--- Data for processing ---

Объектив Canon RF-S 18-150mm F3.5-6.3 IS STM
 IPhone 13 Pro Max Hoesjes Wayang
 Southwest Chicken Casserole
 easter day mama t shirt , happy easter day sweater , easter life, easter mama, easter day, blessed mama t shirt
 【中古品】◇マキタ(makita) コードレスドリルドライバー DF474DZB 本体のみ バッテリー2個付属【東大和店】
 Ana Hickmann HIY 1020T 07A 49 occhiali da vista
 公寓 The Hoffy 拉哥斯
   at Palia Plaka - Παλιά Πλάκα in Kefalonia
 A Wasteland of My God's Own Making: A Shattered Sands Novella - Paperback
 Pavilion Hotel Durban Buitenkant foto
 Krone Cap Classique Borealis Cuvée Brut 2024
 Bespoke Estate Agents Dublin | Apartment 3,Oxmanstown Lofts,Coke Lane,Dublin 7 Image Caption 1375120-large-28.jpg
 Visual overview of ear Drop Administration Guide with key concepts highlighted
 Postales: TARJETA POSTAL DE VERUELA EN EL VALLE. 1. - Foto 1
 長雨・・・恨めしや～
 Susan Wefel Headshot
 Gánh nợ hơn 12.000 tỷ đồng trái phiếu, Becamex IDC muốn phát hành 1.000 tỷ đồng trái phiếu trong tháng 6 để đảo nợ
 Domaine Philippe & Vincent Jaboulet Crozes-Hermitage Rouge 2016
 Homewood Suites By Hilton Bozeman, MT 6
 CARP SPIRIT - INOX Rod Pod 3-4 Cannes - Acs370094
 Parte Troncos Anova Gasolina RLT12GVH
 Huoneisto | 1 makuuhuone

---

Task description:
Beginning with the line that has "Postales: TARJETA POSTAL", set down each line through the last one above, exactly, and nothing else.

Response to this exercise:
 Postales: TARJETA POSTAL DE VERUELA EN EL VALLE. 1. - Foto 1
 長雨・・・恨めしや～
 Susan Wefel Headshot
 Gánh nợ hơn 12.000 tỷ đồng trái phiếu, Becamex IDC muốn phát hành 1.000 tỷ đồng trái phiếu trong tháng 6 để đảo nợ
 Domaine Philippe & Vincent Jaboulet Crozes-Hermitage Rouge 2016
 Homewood Suites By Hilton Bozeman, MT 6
 CARP SPIRIT - INOX Rod Pod 3-4 Cannes - Acs370094
 Parte Troncos Anova Gasolina RLT12GVH
 Huoneisto | 1 makuuhuone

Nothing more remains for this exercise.